US Secretary of State Mike Pompeo was to travel to North Korea via Japan yesterday as the contours of a potentially historic deal begin to take shape.
The top US diplomat is to pay his fourth visit this year to North Korea as he looks to arrange another summit between US President Donald Trump and North Korean leader Kim Jong-un.
Pompeo was to arrive in Japan today before he travels to Pyongyang to meet with Kim tomorrow. He is to meet South Korean President Moon Jae-in in Seoul after that.
Pompeo said he was hopeful that diplomacy would coax Kim to give up the regime’s nuclear weapons and ballistic missile programs.
“This is a long-term problem. This has been outstanding for decades. We’ve made more progress than has been made in an awfully long time,” Pompeo told reporters on Wednesday.
Pompeo has repeatedly declined to be drawn out publicly on the shape of an eventual agreement. The US has called for a comprehensive accord and rigorous enforcement of sanctions on North Korea in the meantime.
South Korea gave a preview of what a deal might look like.
South Korean Minister of Foreign Affairs Kang Kyung-wha, in an interview with the Washington Post, said that the North could agree to dismantle Yongbyon, its signature nuclear site.
In exchange, the US would declare a formal end to the 1950-1953 Korean War — which closed with an armistice rather than a full-blown peace treaty — but North Korea would stop short of delivering an exhaustive list of its nuclear facilities, Kang said.
Kang told the newspaper that the tradeoff would mark “a huge step forward in denuclearization.”
North Korea has not budged on its positions.
State media ahead of Pompeo’s visit said a peace treaty “can never be a bargaining chip,” saying an end to war “is not just a gift from one man to another.”
Douglas Paal, a former senior US official on Asia policy, who served as director of the American Institute in Taiwan from 2002 to 2008, said the South Korean proposal could appeal to Trump, who has made clear his eagerness for a second summit soon with Kim.
“The package is something that Trump can announce after he lands in Pyongyang. That’s my projected outcome at this point, although it has not been confirmed,” said Paal, the vice president for studies at the Carnegie Endowment for International Peace.

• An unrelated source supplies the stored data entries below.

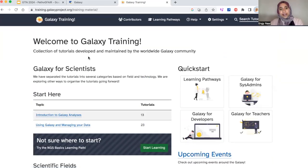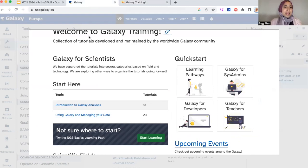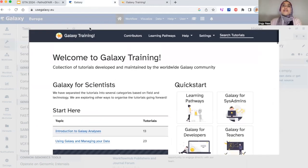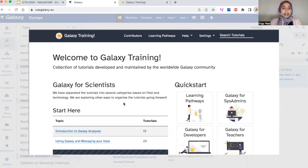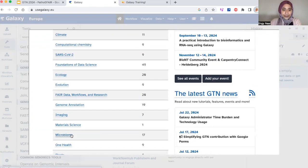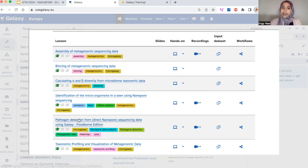Hello everyone, this is Indi Nostre, a PhD student at the University of Røyberg Galaxy team. Today I will be guiding you through one of the Galaxy Training Network materials for pathogen detection using food samples. You can reach the training either through the Galaxy Training Materials website or through your user account on any of the Galaxy servers. You can find it under the Galaxy Training Materials section and navigate to microbiome, where you'll find our training under the name 'Pathogen Detection from Direct Nanopore Sequencing Data Using Galaxy - Food Edition'.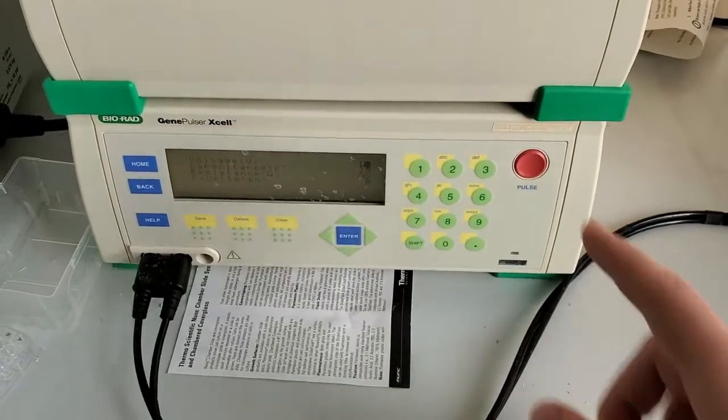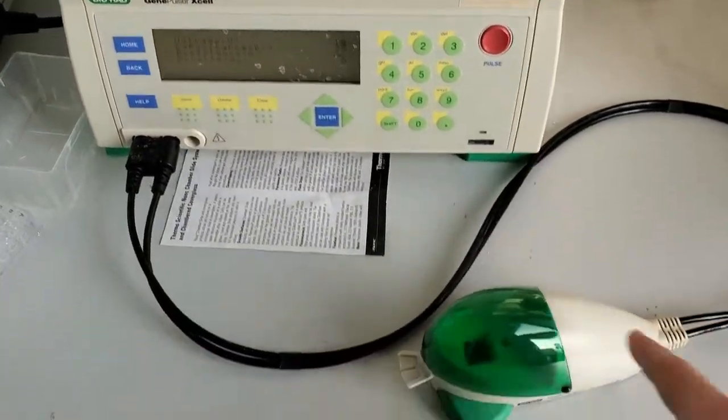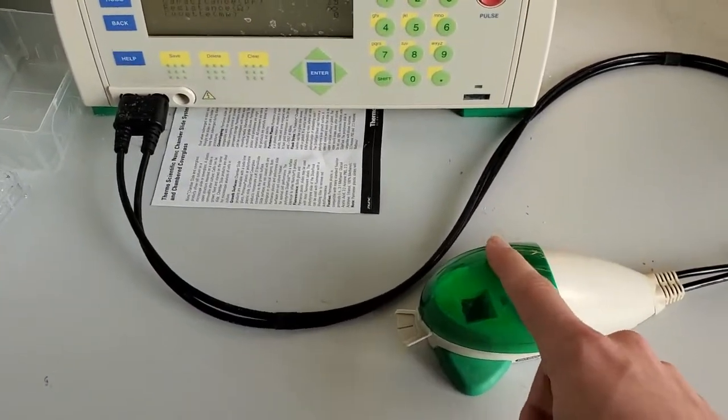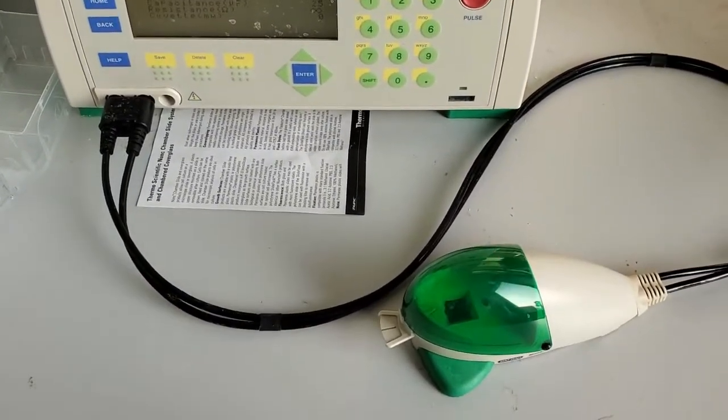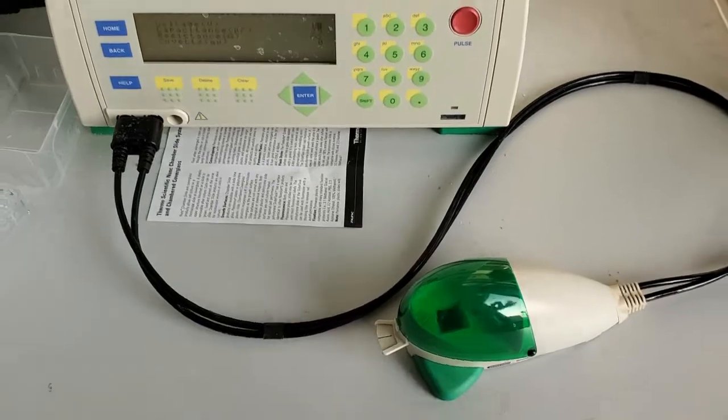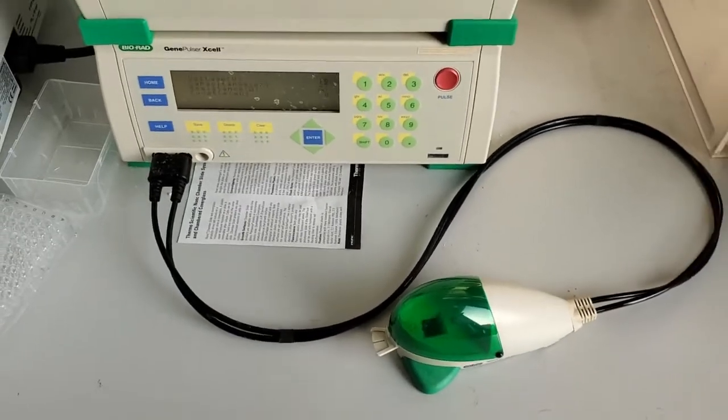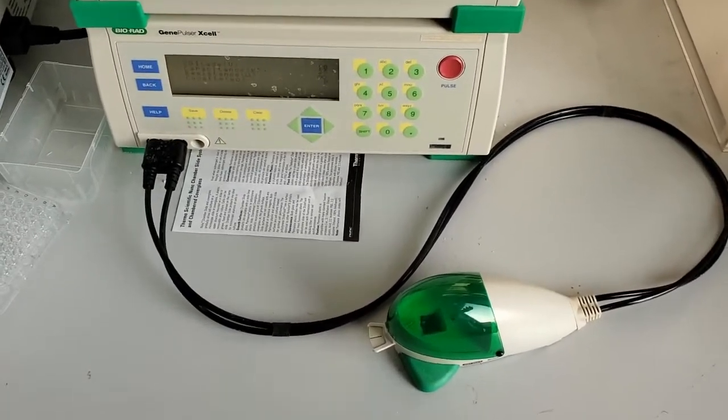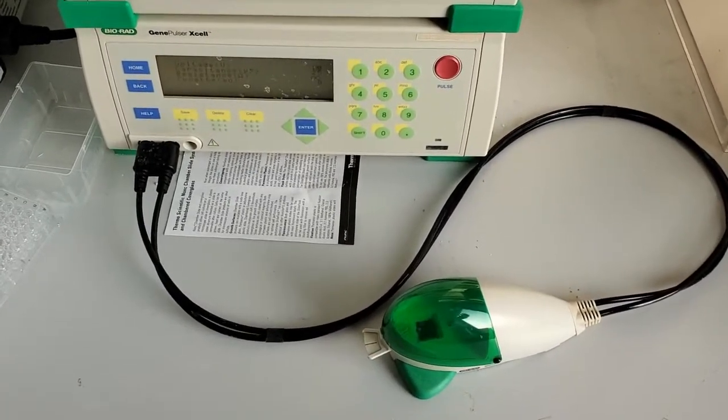Hit pulse. Fires through this across the cuvette. And then hopefully your cells are electroporated. So fairly simple.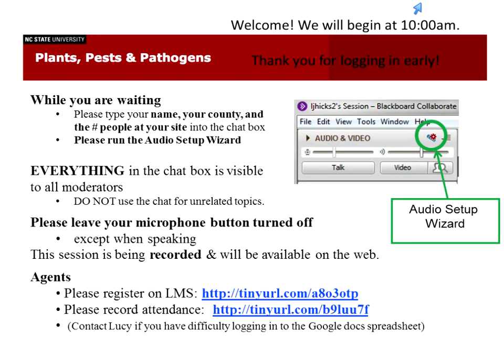Good morning everybody and welcome to Plants and Pathogens. We've got a great program lined up and we're eager to get started. If you haven't already typed your name into the chat box with your county and the number of people at your site, please do that. It helps us document how many people are participating in the program — great information for the presenters and speakers.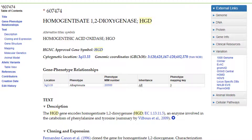Alkaptonuria is where an individual will have dark urine, or urine that is considered black. This rare genetic disorder is caused by a homozygous or compound heterozygous mutation in the homogentisate 1,2-dioxygenase gene. So it's important to find the gene and make sure that all those base pairs read properly. The next piece of important information on this page is the location — 3q13, which is on the long arm of chromosome number three.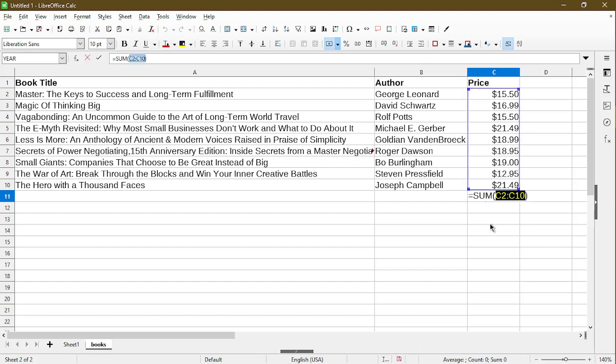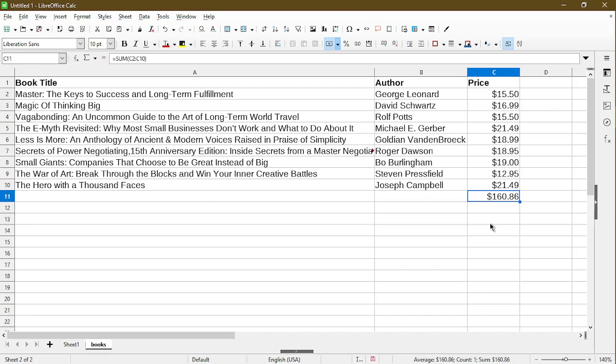Then calc put in the sum formula and selected a range of cells automatically for me. All I have to do now is press Enter. And now we see it applied the formula and calculated the sum.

Trump in June met Kim in Singapore in the first-ever summit between the countries. No sitting US president has visited North Korea, which according to human rights groups remains one of the most repressive countries on Earth.
Paal said Trump likely sensed political opportunity in a breakthrough with North Korea, with US congressional elections on Nov. 6.
When the average US voter “no longer hears the president saying ‘fire and fury,’ but hears him saying peace, they believe he has actually made progress towards it, even if arms control people say we’ve made no progress of a material nature at all,” Paal said.
North Korea, ruled by three generations of Kims, has pursued both nuclear weapons and diplomacy with the US for decades.
It reached an agreement in 1994 to freeze nuclear work in exchange for normalization with the administration of then-US president Bill Clinton.
The deal broke down, although former US president George W. Bush also pursued talks.
Pompeo is to conclude his trip on Monday in China.
The Beijing stop could be tense, as it comes days after US Vice President Mike Pence delivered a speech accusing China of military aggression, commercial theft and human rights violations.